After a Murder in Public Housing, Security Cameras Move In

NYCHA housing in the Bronx.

After an 88-year-old woman was beaten to death inside her Bronx public housing apartment, Councilman James Vacca said security cameras will be installed at the development where she lived.

The Pelham Parkway Houses is about a thirty minute walk from the New York Botanical Garden in the Bronx. Vacca, who grew up nearby, said the sprawling development used to be considered the jewel of the New York City Housing Authority. “What I’ve seen there lately has concerned me greatly,” Vacca said. “The increase in drugs, the increase in gang activity in the projects and around the projects, it’s been alarming.”

Vacca said he regularly receives complaints from constituents in public housing who are fearful and concerned about their safety. “The New York City Housing Authority inventory has from a public safety point of view…deteriorated. We cannot hide our heads in the sand,” he said.

In a statement that seems to support Vacca’s concerns, Police Commissioner Raymond Kelly said that while 4 percent of New York City residents live in public housing, about 20 percent of all violent crimes occur there. He gave the statistics following the shooting of a police officer at the Seward Park public housing development on Manhattan’s lower east side.

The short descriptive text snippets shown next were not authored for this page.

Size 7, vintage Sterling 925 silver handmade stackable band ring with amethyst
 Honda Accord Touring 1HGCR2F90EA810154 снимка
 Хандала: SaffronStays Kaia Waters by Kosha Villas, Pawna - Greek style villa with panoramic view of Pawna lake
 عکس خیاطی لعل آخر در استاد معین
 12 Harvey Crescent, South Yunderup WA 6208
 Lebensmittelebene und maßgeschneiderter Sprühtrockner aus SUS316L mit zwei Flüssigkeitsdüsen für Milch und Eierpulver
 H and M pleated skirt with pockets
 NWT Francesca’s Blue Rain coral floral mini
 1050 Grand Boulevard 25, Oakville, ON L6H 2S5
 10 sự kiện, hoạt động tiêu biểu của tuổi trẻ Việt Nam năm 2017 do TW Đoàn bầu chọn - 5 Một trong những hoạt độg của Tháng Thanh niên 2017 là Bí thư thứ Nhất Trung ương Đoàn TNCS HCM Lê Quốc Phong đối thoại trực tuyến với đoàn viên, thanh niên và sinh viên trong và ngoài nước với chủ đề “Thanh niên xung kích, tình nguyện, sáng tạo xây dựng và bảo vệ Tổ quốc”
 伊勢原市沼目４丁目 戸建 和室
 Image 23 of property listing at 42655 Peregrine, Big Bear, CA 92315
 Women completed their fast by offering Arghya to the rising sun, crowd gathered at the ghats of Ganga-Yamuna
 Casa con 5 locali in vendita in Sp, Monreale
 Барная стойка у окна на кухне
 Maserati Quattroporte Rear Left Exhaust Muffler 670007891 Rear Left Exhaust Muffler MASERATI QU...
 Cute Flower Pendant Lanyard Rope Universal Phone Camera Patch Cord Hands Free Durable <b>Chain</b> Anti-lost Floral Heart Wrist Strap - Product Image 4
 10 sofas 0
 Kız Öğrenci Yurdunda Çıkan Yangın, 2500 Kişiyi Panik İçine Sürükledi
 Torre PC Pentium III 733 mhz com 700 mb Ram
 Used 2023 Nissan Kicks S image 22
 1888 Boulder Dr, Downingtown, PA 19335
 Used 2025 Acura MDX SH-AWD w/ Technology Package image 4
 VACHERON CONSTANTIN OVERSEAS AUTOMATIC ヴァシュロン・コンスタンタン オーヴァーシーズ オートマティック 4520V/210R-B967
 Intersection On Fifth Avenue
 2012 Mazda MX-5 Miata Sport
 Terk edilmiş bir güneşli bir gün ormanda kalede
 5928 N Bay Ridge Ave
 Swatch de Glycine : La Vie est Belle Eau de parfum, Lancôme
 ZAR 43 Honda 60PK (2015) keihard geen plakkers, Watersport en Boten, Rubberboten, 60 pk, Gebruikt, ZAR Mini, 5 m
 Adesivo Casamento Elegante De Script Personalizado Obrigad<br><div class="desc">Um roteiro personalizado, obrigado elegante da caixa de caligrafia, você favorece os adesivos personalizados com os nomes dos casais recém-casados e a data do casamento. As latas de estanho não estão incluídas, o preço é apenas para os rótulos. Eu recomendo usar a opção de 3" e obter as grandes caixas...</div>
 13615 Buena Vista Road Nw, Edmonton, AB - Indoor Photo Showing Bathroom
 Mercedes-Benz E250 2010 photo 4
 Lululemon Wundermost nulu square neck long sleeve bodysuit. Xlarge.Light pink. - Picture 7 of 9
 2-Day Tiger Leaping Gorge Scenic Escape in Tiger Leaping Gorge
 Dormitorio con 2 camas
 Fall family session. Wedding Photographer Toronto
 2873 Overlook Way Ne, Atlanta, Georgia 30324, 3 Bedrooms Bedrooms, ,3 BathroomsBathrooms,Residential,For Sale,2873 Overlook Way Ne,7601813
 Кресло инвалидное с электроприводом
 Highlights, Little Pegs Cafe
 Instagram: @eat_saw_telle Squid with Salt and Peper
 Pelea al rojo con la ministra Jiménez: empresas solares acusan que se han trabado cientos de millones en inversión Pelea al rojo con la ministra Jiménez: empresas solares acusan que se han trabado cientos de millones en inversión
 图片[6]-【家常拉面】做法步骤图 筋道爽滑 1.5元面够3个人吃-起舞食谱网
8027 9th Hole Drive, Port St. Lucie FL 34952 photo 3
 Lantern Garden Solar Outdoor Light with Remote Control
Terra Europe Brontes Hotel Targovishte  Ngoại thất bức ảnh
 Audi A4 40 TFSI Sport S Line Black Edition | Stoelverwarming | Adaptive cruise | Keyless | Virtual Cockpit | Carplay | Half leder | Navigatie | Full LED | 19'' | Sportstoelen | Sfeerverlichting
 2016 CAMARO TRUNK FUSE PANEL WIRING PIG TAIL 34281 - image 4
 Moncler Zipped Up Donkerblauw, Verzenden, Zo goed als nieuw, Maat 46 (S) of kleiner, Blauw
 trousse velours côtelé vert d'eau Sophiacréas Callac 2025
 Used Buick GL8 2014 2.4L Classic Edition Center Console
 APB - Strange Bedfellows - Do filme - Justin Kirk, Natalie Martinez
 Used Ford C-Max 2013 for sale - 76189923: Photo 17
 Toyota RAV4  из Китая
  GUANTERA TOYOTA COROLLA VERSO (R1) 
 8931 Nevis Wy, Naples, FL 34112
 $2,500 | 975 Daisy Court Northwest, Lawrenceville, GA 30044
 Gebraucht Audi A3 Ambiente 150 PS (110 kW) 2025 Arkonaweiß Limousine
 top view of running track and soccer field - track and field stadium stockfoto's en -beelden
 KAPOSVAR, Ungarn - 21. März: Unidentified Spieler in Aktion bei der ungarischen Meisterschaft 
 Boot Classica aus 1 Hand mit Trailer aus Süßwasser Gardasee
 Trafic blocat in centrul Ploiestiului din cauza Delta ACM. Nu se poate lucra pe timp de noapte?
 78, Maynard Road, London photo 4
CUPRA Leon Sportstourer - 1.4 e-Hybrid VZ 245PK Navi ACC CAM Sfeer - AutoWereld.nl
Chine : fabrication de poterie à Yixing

Vacca is directing $4 million in City Council funds for cameras at Pelham Parkway and the neighboring Throgs Neck Houses.  Installation will begin in 2013.  Currently, NYCHA said 101 out of 334 developments are already equipped with surveillance cameras. NYCHA said cameras are watched in real time by a special unit within the NYPD at 15 developments. The rest of the cameras are viewed on an as needed basis, according to a spokeswoman. 

No arrests have been made in the June murder of Evelyn Shapiro. Police are offering a $12,000 reward.

In a press release, Herma Williams, president of the Pelham Parkway Residents Association, said besides the recent murder others at the housing development, both young and old had become victims of violent crimes there over the last several years. “As we honor the memory of Mrs. Shapiro, let us also remember them,” she said.